* [DIRECTIONS] In the entries below, find the line with "incluirá nueve combates" and the line with "クマの生息状況を説明するときに、九州だけおかしなことになっていてウケる!"; give again those lines and every line between them, exactly.
::::
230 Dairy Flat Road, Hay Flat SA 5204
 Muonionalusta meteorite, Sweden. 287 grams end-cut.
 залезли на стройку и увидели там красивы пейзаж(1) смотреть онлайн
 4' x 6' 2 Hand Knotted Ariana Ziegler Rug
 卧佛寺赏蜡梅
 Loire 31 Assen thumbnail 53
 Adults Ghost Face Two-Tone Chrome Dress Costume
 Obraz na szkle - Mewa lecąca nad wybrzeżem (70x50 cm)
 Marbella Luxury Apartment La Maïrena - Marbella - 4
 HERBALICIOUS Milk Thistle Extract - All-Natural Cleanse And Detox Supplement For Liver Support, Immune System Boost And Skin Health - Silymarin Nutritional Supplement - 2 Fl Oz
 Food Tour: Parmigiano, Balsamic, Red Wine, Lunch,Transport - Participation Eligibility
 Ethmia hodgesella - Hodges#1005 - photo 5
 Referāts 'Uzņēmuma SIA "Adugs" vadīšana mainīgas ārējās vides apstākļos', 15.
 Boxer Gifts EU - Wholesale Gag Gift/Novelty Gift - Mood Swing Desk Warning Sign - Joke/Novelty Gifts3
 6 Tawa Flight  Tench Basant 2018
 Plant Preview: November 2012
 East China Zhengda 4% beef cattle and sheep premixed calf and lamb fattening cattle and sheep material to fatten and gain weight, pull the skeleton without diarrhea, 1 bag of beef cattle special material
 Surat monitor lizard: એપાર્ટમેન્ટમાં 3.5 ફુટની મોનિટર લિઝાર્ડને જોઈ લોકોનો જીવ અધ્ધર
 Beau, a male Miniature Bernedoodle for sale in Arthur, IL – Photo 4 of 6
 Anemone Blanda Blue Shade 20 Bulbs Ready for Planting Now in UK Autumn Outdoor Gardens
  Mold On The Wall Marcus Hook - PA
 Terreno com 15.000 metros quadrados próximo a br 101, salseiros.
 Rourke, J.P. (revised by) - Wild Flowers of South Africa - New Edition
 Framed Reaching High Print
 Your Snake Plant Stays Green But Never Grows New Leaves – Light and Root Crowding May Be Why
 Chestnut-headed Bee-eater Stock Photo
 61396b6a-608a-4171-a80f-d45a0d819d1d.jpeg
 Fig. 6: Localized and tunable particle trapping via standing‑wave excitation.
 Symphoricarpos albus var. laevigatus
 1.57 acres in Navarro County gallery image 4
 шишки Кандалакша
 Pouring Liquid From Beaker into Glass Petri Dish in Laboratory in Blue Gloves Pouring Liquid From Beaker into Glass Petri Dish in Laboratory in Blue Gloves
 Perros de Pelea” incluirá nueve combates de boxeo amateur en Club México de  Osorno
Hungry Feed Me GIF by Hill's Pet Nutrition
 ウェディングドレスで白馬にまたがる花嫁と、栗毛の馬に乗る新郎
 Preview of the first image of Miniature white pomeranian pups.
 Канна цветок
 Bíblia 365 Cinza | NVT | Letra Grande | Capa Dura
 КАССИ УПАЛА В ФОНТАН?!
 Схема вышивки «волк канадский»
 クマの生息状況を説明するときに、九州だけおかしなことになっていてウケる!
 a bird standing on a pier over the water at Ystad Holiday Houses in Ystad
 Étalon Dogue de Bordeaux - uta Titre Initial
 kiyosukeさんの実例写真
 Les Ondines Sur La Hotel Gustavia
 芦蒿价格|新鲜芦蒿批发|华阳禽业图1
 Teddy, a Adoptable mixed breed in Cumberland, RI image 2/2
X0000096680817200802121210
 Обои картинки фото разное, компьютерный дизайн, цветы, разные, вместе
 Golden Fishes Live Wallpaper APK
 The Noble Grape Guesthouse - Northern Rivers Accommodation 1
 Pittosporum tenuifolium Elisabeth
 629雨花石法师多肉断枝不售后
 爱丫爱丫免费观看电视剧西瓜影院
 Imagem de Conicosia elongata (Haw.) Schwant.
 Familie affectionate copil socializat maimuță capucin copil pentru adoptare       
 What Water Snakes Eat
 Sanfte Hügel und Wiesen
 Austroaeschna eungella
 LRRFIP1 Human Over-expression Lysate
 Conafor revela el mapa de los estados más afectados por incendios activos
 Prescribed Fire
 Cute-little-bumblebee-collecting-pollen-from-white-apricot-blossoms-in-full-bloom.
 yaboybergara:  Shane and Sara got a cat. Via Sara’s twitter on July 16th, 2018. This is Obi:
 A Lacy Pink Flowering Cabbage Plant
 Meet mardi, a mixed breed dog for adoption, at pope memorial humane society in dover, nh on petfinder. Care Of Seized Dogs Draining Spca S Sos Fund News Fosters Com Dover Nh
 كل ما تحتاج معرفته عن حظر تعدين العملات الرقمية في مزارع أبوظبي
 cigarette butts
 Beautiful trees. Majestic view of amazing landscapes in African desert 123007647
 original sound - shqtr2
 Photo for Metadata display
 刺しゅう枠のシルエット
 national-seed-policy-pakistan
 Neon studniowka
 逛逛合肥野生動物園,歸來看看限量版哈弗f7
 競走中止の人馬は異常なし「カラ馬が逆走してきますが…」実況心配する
::::
* [TASK ANSWER]
 Perros de Pelea” incluirá nueve combates de boxeo amateur en Club México de  Osorno
Hungry Feed Me GIF by Hill's Pet Nutrition
 ウェディングドレスで白馬にまたがる花嫁と、栗毛の馬に乗る新郎
 Preview of the first image of Miniature white pomeranian pups.
 Канна цветок
 Bíblia 365 Cinza | NVT | Letra Grande | Capa Dura
 КАССИ УПАЛА В ФОНТАН?!
 Схема вышивки «волк канадский»
 クマの生息状況を説明するときに、九州だけおかしなことになっていてウケる!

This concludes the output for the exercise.